**PROBLEM DESCRIPTION:** Apart from the pictures, every line below is to be set down exactly.

**COLLECTED DATA:**
•••

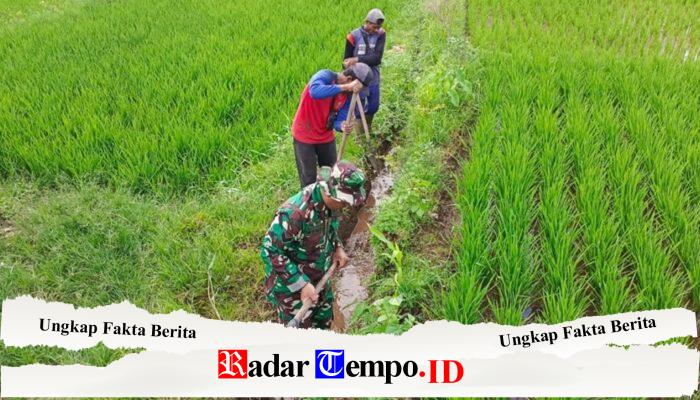 Guna Optimalkan Produksi Padi, Babinsa Dan Petani Resapombo Sinergi Bersihkan Lahan Pertanian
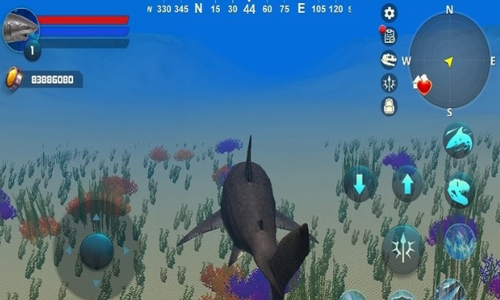 �޳���ģ����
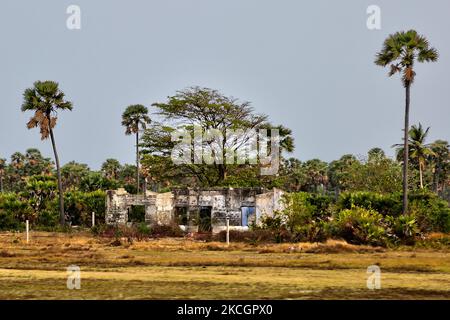 Überreste eines Wohnhauses, das während des Bürgerkrieges in Kayts, Jaffna, Sri Lanka, zerstört wurde. Kayts ist eines der Dörfer auf der Insel Velanai, einer kleinen Insel vor der Küste der Halbinsel Jaffna im Norden Sri Lankas. Kayts Island war auch Schauplatz von Gewalt im Rahmen des srilankischen Bürgerkrieges, einschließlich des Allaipiddy-Massakers. Dies ist nur eine der vielen Erinnerungen an die tiefen Narben, die während des 26-jährigen Bürgerkrieges zwischen der srilankischen Armee und der LTTE (Liberation Tigers of Tamil Eelam) entstanden sind. Die Vereinten Nationen schätzen, dass während des Krieges etwa 40.000 Menschen getötet wurden. (Foto von Creativ Stockfoto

•••

**EXPECTED OUTPUT:**
 Guna Optimalkan Produksi Padi, Babinsa Dan Petani Resapombo Sinergi Bersihkan Lahan Pertanian
 �޳���ģ����
 Überreste eines Wohnhauses, das während des Bürgerkrieges in Kayts, Jaffna, Sri Lanka, zerstört wurde. Kayts ist eines der Dörfer auf der Insel Velanai, einer kleinen Insel vor der Küste der Halbinsel Jaffna im Norden Sri Lankas. Kayts Island war auch Schauplatz von Gewalt im Rahmen des srilankischen Bürgerkrieges, einschließlich des Allaipiddy-Massakers. Dies ist nur eine der vielen Erinnerungen an die tiefen Narben, die während des 26-jährigen Bürgerkrieges zwischen der srilankischen Armee und der LTTE (Liberation Tigers of Tamil Eelam) entstanden sind. Die Vereinten Nationen schätzen, dass während des Krieges etwa 40.000 Menschen getötet wurden. (Foto von Creativ Stockfoto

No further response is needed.